Along with the Crossing, Anchor Green Apartments, a 522-unit apartment building, is being developed by Phoenix Realty Group and Artimus Construction at 147-07 94th Ave. Xu’s Century Development Group filed plans for 90 residential units there back in 2017.

“[There was] no displacement, the community’s on board. By and large, it's great transportation and there's a tremendous workforce within the 1-mile-to-5-mile radius of the development," Marshall said. “So it makes sense for us to go big in Jamaica and the acquisitions were reasonably priced.”

The city, like most urban centers in the U.S., is facing a housing crisis. More than 40% of New York households are rent-burdened, and homelessness in the city is at the highest rate that it has been since the 1930s.

Nearly 62,000 people are in the city’s shelter system, according to the Coalition for the Homeless. Development is often seen as the answer by city planners and business groups, but there has been widespread distrust of developers in recent years.

Marisa Lago, the director of the Department of City Planning and head of the City Planning Commission, said at an industry event earlier this year that anti-development sentiment is now "at an all-time high," and the idea that building actually worsens affordability, which she called a myth, has taken hold.

“There’s a lot of greed,” said Queens-based musician Mackenzie Shivers.

Shivers moved to Sunnyside from the Upper East Side seven years ago with her husband, a decision she said shaved $1,500 off their rent each month. On this particular day, she was running her friend’s vintage store on 46th Street, and pointed to the mix of Turkish, Irish and Armenian communities as to why she loves living in the area.

“It feels like the true New York because it feels truly diverse … [and it is] maybe one of the few places left where I feel like there is sort of a middle-class living,” she said, adding she believes everyone had disliked the idea of Amazon building its HQ2 in the borough, a plan that the tech giant canceled in February.

Not far away from the store, the city has envisioned a plan to deck over the 180-acre Sunnyside rail yards to create what could be up to 24,000 new housing units, including affordable housing, as well as retail, schools and green space, according to a 2017 feasibility study from the Economic Development Council.

The site belongs to the MTA and Amtrak, and is said to be seven times the size of the Hudson Yards site. The proposal is in the master-planning phase, and the city is continuing to run public consultation.

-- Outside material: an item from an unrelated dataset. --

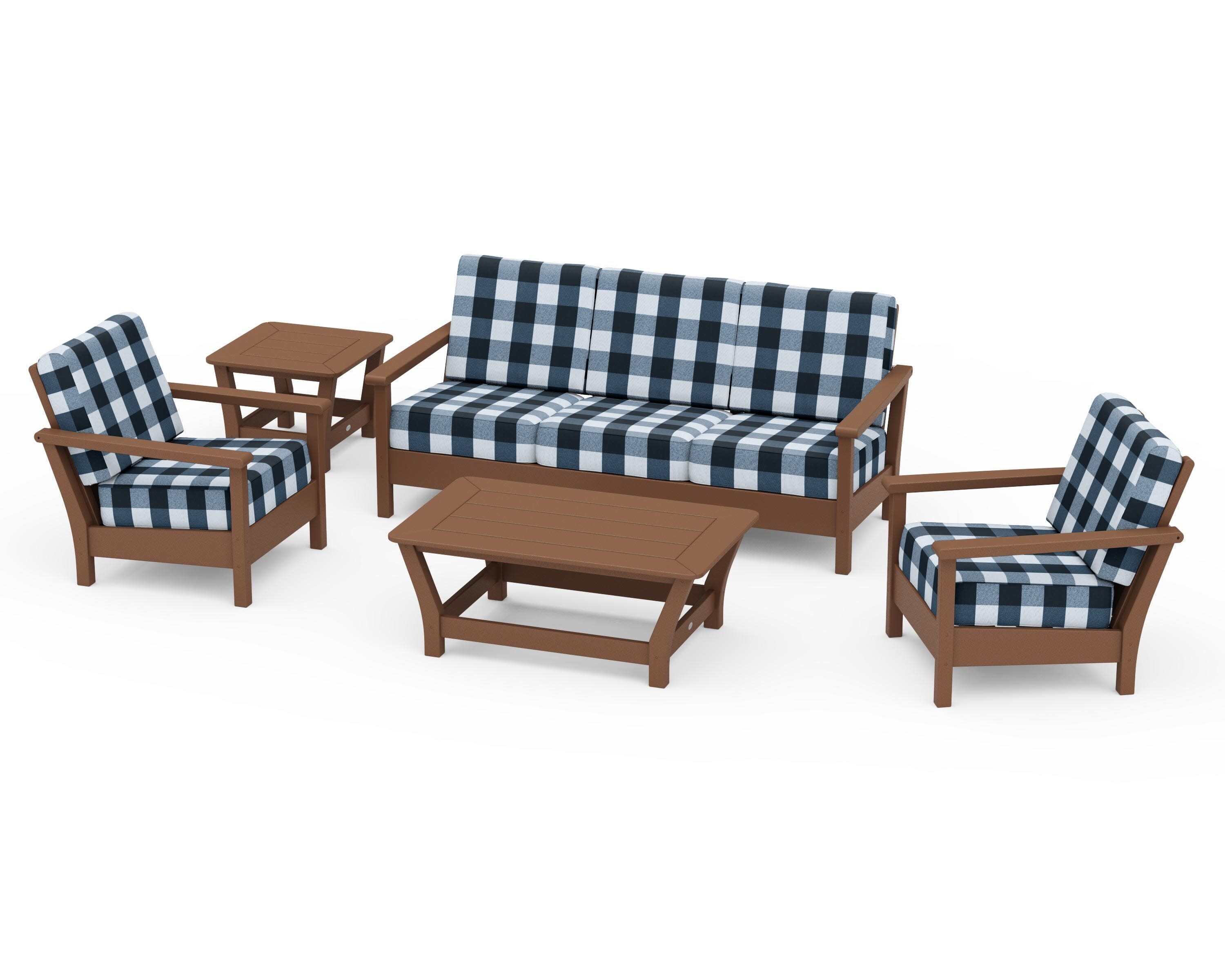 Harbour 5-Piece Deep Seating Set in Teak / Buffalo Plaid Marine Indigo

Some community members have expressed fears about the size and scope of the development, worried that it could force renters out of the area. The project’s master planning consulting team has said it is considering six- to 15-story buildings, rather than skyscrapers

“Queens is very special, and I think that if it got way more expensive and way more crowded, I worry that it will lose a bit of its identity,” Shivers said, adding that the 7 train, already heavily burdened, can’t handle more people.

Slate Property Group co-founder and principal David Schwartz, whose company is developing a 200-unit residential project in Dutch Kills, on the Astoria-Long Island City border, as well as a 170-unit building in Forest Hills, said the diversity and neighborhood feeling of some of the Queens areas are what makes them attractive.

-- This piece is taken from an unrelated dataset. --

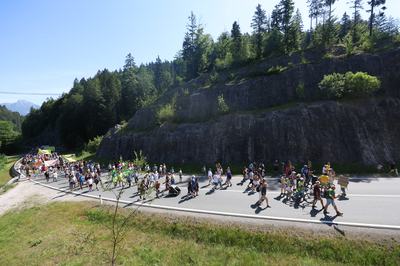 27 June 2026, Austria, Reutte: Protesters are marching in a demonstration along the closed B179 Fernpass Road toward a rally. Photo: Karl-Josef Hildenbrand/dpa (Photo by Karl-Josef Hildenbrand/picture alliance via Getty Images)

“A lot of Queens hasn’t been touched since the 1960s and 1970s … You know, you walk around Astoria and it feels to me very much like East Williamsburg did 15 years ago,” he said.

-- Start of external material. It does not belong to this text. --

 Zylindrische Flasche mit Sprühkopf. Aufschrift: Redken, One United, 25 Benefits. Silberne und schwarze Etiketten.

Slate will keep looking for development opportunities in areas like Corona, Jamaica, Sunnyside and Woodside — targeting places that allow for density. Schwartz believes there is almost never a positive community response to development.

“They think, 'Oh, you are building to make a developer rich,” he said.

But, he believes, building housing in places like Queens is the only way to maintain its prosperity.

“In Queens you get great food, great culture, all of the things you think about when you think about New York,” he said. “It’s got great infrastructure, really educated interesting diverse people, and I think it's going to just absolutely boom over the next few years.”